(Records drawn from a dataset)
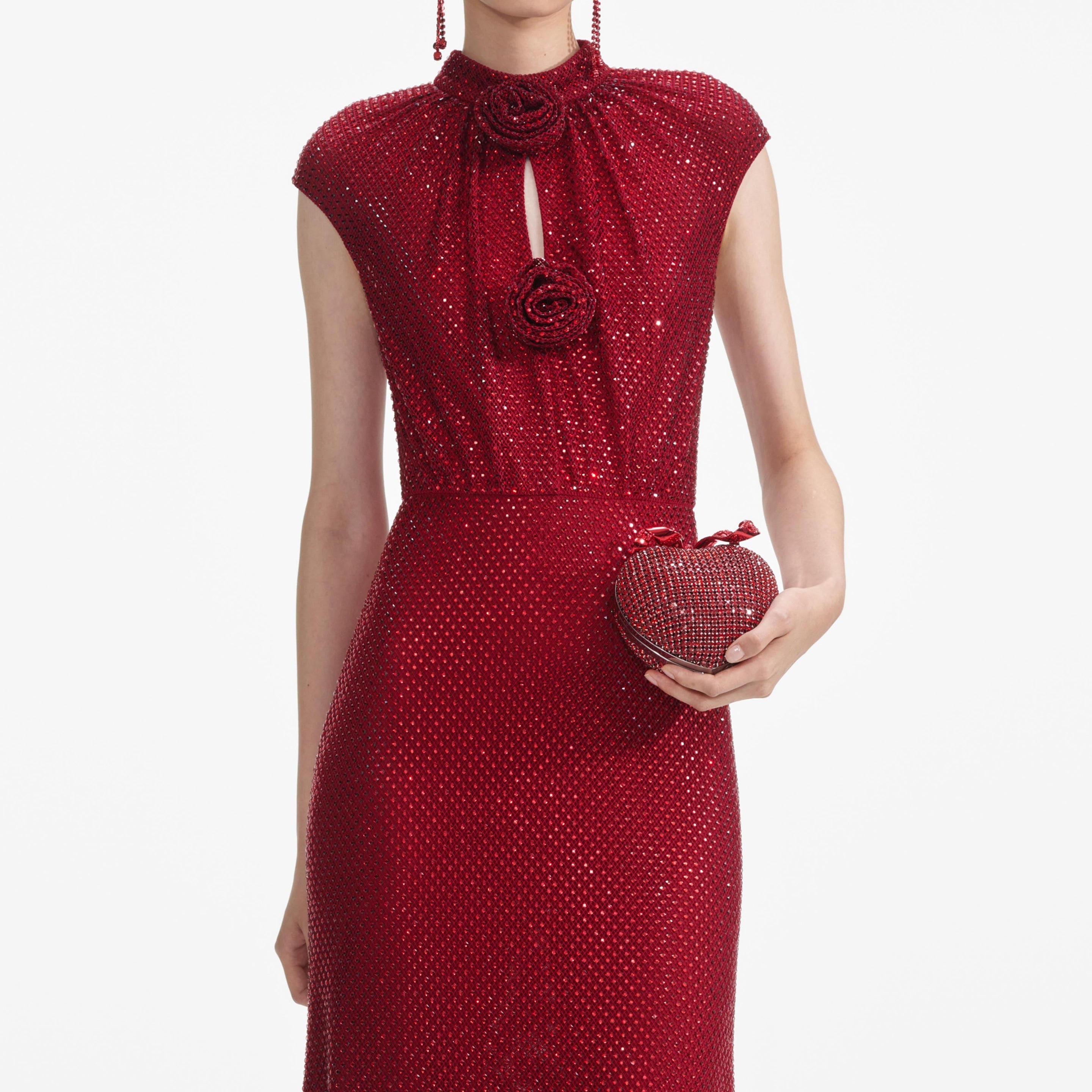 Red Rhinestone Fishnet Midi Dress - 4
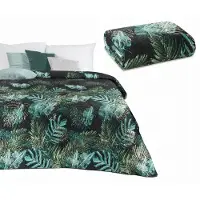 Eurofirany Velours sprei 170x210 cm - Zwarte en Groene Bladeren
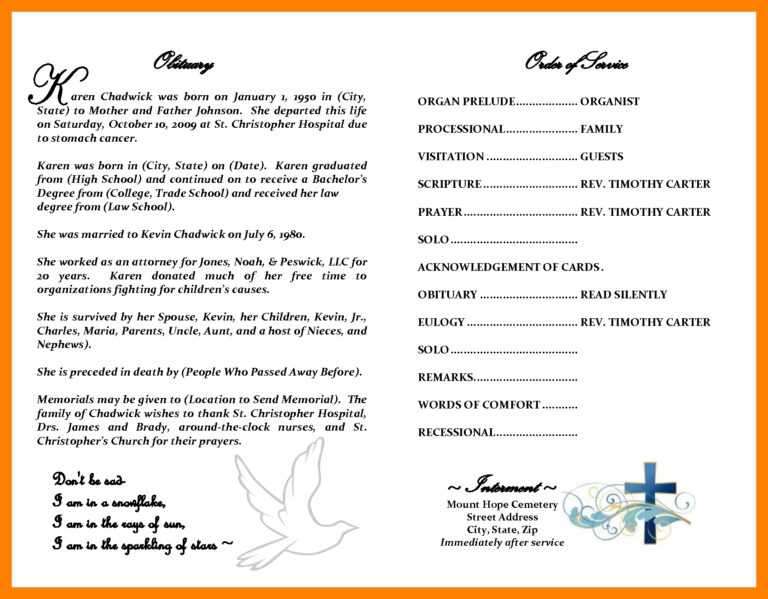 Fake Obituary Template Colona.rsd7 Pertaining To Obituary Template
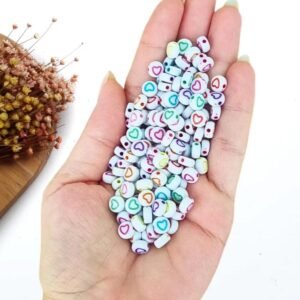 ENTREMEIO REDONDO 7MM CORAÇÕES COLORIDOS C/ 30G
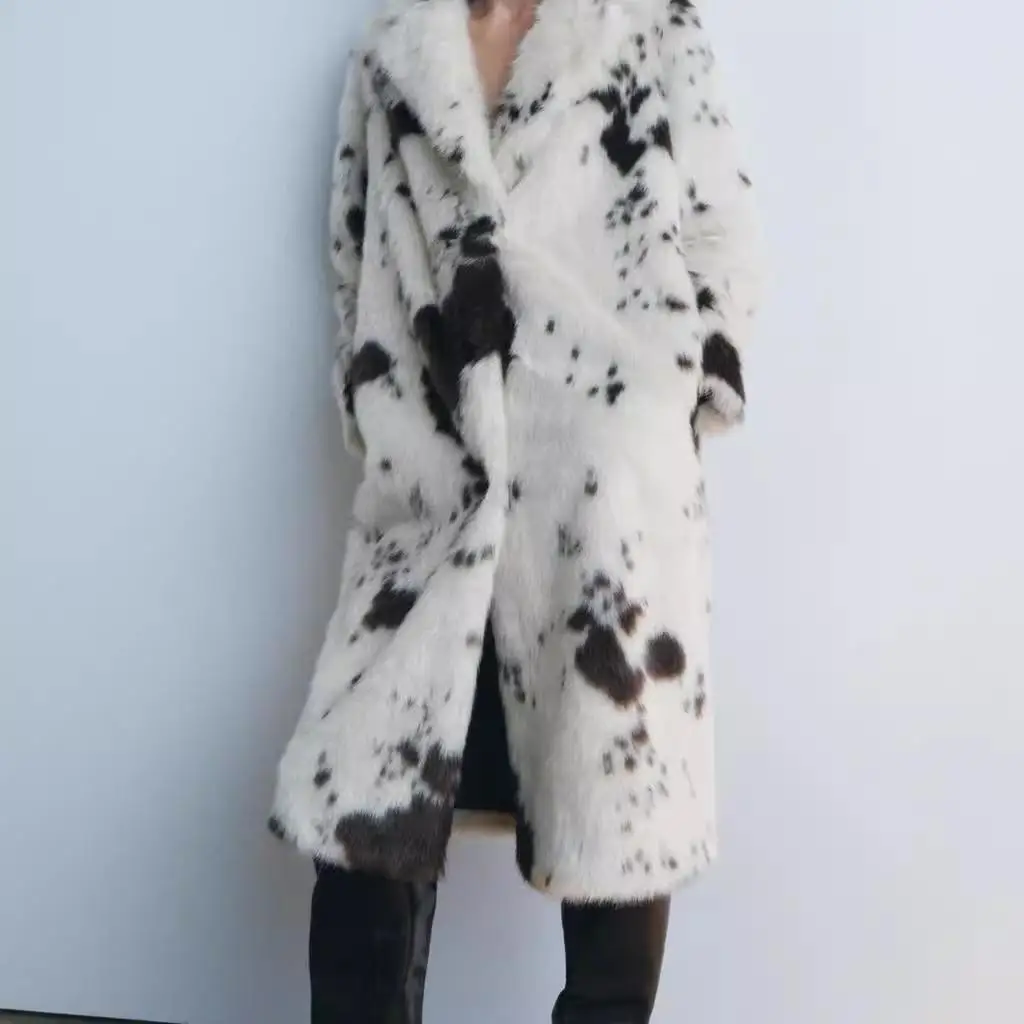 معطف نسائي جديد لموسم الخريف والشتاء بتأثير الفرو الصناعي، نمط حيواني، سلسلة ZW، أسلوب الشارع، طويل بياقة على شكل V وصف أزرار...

- **PROBLEM TO WORK ON**:
Your answer should be the lines above from the one that contains "Fake Obituary Template" through the last, set down exactly, with the pictures removed.

- **ANSWER BOX**:
 Fake Obituary Template Colona.rsd7 Pertaining To Obituary Template
 ENTREMEIO REDONDO 7MM CORAÇÕES COLORIDOS C/ 30G
 معطف نسائي جديد لموسم الخريف والشتاء بتأثير الفرو الصناعي، نمط حيواني، سلسلة ZW، أسلوب الشارع، طويل بياقة على شكل V وصف أزرار...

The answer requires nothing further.